**Raw data**
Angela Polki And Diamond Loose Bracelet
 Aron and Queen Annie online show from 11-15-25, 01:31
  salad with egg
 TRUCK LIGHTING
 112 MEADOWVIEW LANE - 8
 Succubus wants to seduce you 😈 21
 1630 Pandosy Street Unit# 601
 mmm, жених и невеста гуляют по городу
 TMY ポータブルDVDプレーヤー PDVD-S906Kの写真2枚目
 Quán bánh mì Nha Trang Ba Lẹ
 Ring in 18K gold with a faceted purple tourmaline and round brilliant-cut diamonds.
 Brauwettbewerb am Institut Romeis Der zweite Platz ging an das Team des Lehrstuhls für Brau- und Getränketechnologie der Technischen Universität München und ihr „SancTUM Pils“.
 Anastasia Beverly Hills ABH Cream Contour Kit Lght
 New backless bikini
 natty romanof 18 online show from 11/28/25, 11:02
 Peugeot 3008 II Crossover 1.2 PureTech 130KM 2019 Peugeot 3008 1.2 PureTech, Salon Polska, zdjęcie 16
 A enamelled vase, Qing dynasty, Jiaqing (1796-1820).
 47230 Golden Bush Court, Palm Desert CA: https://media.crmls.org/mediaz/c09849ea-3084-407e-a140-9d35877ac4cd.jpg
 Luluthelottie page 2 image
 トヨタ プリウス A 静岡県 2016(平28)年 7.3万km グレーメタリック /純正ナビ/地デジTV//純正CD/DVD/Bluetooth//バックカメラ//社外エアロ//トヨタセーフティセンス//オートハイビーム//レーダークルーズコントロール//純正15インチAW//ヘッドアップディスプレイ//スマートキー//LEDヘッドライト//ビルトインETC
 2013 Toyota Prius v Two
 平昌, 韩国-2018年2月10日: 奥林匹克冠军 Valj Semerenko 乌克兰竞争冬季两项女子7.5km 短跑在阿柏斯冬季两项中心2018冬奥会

**Exercise instructions**
Reproduce the records exactly as they appear.

**Task result**
Angela Polki And Diamond Loose Bracelet
 Aron and Queen Annie online show from 11-15-25, 01:31
  salad with egg
 TRUCK LIGHTING
 112 MEADOWVIEW LANE - 8
 Succubus wants to seduce you 😈 21
 1630 Pandosy Street Unit# 601
 mmm, жених и невеста гуляют по городу
 TMY ポータブルDVDプレーヤー PDVD-S906Kの写真2枚目
 Quán bánh mì Nha Trang Ba Lẹ
 Ring in 18K gold with a faceted purple tourmaline and round brilliant-cut diamonds.
 Brauwettbewerb am Institut Romeis Der zweite Platz ging an das Team des Lehrstuhls für Brau- und Getränketechnologie der Technischen Universität München und ihr „SancTUM Pils“.
 Anastasia Beverly Hills ABH Cream Contour Kit Lght
 New backless bikini
 natty romanof 18 online show from 11/28/25, 11:02
 Peugeot 3008 II Crossover 1.2 PureTech 130KM 2019 Peugeot 3008 1.2 PureTech, Salon Polska, zdjęcie 16
 A enamelled vase, Qing dynasty, Jiaqing (1796-1820).
 47230 Golden Bush Court, Palm Desert CA: https://media.crmls.org/mediaz/c09849ea-3084-407e-a140-9d35877ac4cd.jpg
 Luluthelottie page 2 image
 トヨタ プリウス A 静岡県 2016(平28)年 7.3万km グレーメタリック /純正ナビ/地デジTV//純正CD/DVD/Bluetooth//バックカメラ//社外エアロ//トヨタセーフティセンス//オートハイビーム//レーダークルーズコントロール//純正15インチAW//ヘッドアップディスプレイ//スマートキー//LEDヘッドライト//ビルトインETC
 2013 Toyota Prius v Two
 平昌, 韩国-2018年2月10日: 奥林匹克冠军 Valj Semerenko 乌克兰竞争冬季两项女子7.5km 短跑在阿柏斯冬季两项中心2018冬奥会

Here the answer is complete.